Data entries
* * * *

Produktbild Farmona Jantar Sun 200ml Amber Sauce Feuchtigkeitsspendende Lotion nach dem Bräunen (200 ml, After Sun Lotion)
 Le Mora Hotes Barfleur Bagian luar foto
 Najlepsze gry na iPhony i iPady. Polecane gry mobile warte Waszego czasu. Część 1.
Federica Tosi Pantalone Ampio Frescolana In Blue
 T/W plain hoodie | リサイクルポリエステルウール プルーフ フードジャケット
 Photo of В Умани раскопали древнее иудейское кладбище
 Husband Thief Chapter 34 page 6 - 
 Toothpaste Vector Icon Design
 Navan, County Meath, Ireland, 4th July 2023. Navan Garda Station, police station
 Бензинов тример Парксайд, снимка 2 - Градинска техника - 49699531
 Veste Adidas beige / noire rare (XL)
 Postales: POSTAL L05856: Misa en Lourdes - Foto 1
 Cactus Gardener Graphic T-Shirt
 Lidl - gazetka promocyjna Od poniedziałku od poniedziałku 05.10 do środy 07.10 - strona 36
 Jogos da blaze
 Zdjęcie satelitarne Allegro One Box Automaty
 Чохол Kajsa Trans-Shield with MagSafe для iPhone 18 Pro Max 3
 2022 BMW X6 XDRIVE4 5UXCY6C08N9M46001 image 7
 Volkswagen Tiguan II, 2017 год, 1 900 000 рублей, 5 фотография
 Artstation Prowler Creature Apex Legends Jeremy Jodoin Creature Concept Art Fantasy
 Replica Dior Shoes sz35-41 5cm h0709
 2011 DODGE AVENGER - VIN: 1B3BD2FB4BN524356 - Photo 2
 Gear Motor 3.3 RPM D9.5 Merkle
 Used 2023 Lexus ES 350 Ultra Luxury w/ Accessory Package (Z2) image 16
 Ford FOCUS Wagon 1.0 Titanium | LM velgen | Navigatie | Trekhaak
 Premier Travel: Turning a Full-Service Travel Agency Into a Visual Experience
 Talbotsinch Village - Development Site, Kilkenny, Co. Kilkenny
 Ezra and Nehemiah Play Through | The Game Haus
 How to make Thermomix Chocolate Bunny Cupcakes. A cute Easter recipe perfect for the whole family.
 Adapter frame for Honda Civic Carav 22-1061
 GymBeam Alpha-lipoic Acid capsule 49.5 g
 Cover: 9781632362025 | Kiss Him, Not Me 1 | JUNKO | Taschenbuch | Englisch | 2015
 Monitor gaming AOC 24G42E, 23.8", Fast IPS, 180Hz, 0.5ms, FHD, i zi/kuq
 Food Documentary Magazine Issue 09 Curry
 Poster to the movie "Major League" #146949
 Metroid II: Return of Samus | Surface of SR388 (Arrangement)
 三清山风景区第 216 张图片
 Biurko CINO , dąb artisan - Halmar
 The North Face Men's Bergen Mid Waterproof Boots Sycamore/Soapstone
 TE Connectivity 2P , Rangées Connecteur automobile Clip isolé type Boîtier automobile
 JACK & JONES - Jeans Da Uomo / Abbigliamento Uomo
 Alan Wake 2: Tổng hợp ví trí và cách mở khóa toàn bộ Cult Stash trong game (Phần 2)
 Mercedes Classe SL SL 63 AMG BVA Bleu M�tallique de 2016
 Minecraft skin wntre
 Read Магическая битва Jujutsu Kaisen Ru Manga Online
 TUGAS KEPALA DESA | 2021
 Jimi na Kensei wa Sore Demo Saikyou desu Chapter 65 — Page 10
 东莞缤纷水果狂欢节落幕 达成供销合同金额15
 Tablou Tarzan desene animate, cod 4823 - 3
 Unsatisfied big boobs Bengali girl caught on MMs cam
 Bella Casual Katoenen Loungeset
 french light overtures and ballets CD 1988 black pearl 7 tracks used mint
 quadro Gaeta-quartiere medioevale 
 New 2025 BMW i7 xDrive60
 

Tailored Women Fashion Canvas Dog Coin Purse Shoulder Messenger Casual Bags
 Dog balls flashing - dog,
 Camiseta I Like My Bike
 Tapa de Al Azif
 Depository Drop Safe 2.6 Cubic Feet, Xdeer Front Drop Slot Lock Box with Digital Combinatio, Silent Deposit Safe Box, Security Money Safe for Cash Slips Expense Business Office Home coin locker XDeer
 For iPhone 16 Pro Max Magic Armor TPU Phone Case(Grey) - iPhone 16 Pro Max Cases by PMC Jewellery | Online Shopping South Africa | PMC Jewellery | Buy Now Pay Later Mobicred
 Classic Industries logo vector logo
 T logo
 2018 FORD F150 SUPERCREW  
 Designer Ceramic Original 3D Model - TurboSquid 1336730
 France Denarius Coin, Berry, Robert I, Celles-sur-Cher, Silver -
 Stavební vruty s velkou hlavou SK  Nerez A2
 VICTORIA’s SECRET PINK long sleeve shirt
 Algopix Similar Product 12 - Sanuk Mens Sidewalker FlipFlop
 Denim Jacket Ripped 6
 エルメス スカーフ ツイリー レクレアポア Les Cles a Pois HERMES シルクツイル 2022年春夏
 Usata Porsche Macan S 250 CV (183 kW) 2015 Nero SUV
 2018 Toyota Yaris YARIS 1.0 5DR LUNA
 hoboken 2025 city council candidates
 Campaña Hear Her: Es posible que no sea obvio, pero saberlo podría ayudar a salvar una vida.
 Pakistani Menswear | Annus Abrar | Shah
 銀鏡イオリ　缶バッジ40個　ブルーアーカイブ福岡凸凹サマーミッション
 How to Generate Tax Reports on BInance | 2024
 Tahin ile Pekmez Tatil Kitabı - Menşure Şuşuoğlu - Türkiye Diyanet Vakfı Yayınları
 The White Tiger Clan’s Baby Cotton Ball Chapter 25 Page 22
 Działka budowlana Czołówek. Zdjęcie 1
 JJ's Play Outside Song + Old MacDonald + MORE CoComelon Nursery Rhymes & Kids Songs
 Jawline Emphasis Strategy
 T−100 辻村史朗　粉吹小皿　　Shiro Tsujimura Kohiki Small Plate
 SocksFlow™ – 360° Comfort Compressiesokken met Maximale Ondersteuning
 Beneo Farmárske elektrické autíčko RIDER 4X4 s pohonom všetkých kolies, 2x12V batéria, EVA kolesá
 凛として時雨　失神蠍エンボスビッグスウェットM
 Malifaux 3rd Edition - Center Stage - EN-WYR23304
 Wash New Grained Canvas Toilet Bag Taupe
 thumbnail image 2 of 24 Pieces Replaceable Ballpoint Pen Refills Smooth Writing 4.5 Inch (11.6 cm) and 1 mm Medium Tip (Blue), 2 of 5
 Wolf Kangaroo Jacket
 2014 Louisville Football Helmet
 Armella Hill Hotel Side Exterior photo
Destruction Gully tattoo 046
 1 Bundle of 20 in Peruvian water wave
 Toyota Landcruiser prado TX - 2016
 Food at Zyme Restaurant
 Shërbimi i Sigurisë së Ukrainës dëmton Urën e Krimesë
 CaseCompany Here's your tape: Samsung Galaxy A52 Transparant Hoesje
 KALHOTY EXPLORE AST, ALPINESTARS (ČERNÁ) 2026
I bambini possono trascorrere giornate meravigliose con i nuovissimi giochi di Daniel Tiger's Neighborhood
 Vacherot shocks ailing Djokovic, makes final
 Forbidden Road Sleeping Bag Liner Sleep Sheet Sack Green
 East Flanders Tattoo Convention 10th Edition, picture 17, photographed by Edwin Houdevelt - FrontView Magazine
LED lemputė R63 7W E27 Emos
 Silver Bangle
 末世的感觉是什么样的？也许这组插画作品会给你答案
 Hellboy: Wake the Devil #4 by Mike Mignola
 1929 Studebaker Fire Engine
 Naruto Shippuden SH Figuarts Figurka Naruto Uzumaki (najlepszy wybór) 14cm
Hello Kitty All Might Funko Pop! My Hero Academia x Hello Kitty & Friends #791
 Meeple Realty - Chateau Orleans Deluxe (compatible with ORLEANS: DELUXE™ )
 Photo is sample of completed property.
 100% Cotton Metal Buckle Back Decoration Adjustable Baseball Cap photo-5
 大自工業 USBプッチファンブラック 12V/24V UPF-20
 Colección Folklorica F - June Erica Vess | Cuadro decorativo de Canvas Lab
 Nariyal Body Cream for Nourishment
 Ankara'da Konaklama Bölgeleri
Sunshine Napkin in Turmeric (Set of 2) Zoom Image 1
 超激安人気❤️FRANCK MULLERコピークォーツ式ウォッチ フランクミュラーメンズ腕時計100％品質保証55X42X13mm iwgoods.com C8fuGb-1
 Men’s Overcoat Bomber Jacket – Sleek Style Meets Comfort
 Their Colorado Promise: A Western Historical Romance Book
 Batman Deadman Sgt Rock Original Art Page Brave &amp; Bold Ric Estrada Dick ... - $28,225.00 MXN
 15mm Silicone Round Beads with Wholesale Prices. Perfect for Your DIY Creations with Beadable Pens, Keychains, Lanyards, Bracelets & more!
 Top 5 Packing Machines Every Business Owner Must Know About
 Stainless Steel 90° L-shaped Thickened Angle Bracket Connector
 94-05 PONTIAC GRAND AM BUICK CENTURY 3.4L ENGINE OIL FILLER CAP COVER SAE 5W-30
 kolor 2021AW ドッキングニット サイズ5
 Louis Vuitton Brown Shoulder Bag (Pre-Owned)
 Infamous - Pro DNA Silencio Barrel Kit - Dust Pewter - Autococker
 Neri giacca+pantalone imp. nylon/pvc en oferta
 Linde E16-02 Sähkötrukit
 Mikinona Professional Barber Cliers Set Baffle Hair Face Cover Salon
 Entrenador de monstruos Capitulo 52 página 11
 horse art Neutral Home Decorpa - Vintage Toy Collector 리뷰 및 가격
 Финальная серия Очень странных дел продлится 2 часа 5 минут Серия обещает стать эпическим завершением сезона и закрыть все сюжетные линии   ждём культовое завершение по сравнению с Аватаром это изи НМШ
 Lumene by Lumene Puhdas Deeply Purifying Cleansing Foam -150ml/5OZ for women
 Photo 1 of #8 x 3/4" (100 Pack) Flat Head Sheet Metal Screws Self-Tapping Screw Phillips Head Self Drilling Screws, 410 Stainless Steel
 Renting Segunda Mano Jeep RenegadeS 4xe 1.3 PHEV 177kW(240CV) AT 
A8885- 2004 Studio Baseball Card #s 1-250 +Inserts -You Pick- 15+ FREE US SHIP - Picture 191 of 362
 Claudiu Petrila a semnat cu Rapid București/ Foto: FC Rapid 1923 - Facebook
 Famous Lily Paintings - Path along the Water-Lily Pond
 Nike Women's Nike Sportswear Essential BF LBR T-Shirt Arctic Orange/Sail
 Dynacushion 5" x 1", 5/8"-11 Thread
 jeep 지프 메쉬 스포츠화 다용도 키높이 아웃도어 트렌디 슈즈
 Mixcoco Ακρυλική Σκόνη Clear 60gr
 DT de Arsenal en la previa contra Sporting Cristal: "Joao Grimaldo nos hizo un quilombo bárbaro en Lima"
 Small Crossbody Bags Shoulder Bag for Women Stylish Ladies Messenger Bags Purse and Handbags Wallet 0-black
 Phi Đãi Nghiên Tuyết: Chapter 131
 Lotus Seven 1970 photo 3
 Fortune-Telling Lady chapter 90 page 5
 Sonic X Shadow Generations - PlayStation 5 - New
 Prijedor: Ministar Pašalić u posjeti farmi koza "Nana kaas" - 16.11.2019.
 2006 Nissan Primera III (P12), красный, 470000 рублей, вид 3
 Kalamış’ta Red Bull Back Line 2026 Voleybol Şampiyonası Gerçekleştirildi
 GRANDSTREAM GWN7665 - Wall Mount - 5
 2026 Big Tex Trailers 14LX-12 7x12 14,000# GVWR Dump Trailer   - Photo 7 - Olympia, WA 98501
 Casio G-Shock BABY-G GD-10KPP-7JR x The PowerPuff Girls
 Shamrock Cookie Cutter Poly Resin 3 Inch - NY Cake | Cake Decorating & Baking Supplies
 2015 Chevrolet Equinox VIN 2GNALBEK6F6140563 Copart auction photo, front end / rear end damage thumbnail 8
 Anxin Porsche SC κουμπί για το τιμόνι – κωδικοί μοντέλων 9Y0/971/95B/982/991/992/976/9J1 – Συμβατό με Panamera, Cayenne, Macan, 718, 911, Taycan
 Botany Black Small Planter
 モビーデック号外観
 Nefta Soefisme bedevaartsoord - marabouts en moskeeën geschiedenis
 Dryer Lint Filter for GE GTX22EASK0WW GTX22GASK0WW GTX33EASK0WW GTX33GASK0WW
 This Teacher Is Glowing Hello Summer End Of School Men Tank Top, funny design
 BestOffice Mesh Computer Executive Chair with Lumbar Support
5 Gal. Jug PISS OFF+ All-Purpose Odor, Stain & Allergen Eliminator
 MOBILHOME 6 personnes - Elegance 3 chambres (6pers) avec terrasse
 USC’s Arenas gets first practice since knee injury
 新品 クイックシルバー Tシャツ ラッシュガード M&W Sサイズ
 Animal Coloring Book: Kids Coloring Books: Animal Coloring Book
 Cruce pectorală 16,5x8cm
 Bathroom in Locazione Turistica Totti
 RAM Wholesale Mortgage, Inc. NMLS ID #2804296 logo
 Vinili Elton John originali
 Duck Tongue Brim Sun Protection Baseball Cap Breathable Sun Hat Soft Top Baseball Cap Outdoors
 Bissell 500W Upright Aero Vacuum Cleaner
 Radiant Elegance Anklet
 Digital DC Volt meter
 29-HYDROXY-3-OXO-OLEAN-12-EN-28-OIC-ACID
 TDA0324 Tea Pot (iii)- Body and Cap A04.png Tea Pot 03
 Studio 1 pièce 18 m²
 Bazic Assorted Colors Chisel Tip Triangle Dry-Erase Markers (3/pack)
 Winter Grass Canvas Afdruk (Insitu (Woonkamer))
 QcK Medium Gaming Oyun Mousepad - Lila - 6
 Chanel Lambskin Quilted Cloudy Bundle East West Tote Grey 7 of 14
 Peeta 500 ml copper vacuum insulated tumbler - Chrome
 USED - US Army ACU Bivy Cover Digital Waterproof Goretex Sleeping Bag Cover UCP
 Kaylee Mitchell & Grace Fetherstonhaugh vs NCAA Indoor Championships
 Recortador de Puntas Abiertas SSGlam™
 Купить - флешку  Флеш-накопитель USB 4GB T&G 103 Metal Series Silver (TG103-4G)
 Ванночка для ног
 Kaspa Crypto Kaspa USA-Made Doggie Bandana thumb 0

* * * *

Every line above from the line with "凛として時雨　失神蠍エンボスビッグスウェットM" to the line with "Men’s Overcoat Bomber", inclusive, must be returned exactly; no other line belongs in the reply.

 凛として時雨　失神蠍エンボスビッグスウェットM
 Malifaux 3rd Edition - Center Stage - EN-WYR23304
 Wash New Grained Canvas Toilet Bag Taupe
 thumbnail image 2 of 24 Pieces Replaceable Ballpoint Pen Refills Smooth Writing 4.5 Inch (11.6 cm) and 1 mm Medium Tip (Blue), 2 of 5
 Wolf Kangaroo Jacket
 2014 Louisville Football Helmet
 Armella Hill Hotel Side Exterior photo
Destruction Gully tattoo 046
 1 Bundle of 20 in Peruvian water wave
 Toyota Landcruiser prado TX - 2016
 Food at Zyme Restaurant
 Shërbimi i Sigurisë së Ukrainës dëmton Urën e Krimesë
 CaseCompany Here's your tape: Samsung Galaxy A52 Transparant Hoesje
 KALHOTY EXPLORE AST, ALPINESTARS (ČERNÁ) 2026
I bambini possono trascorrere giornate meravigliose con i nuovissimi giochi di Daniel Tiger's Neighborhood
 Vacherot shocks ailing Djokovic, makes final
 Forbidden Road Sleeping Bag Liner Sleep Sheet Sack Green
 East Flanders Tattoo Convention 10th Edition, picture 17, photographed by Edwin Houdevelt - FrontView Magazine
LED lemputė R63 7W E27 Emos
 Silver Bangle
 末世的感觉是什么样的？也许这组插画作品会给你答案
 Hellboy: Wake the Devil #4 by Mike Mignola
 1929 Studebaker Fire Engine
 Naruto Shippuden SH Figuarts Figurka Naruto Uzumaki (najlepszy wybór) 14cm
Hello Kitty All Might Funko Pop! My Hero Academia x Hello Kitty & Friends #791
 Meeple Realty - Chateau Orleans Deluxe (compatible with ORLEANS: DELUXE™ )
 Photo is sample of completed property.
 100% Cotton Metal Buckle Back Decoration Adjustable Baseball Cap photo-5
 大自工業 USBプッチファンブラック 12V/24V UPF-20
 Colección Folklorica F - June Erica Vess | Cuadro decorativo de Canvas Lab
 Nariyal Body Cream for Nourishment
 Ankara'da Konaklama Bölgeleri
Sunshine Napkin in Turmeric (Set of 2) Zoom Image 1
 超激安人気❤️FRANCK MULLERコピークォーツ式ウォッチ フランクミュラーメンズ腕時計100％品質保証55X42X13mm iwgoods.com C8fuGb-1
 Men’s Overcoat Bomber Jacket – Sleek Style Meets Comfort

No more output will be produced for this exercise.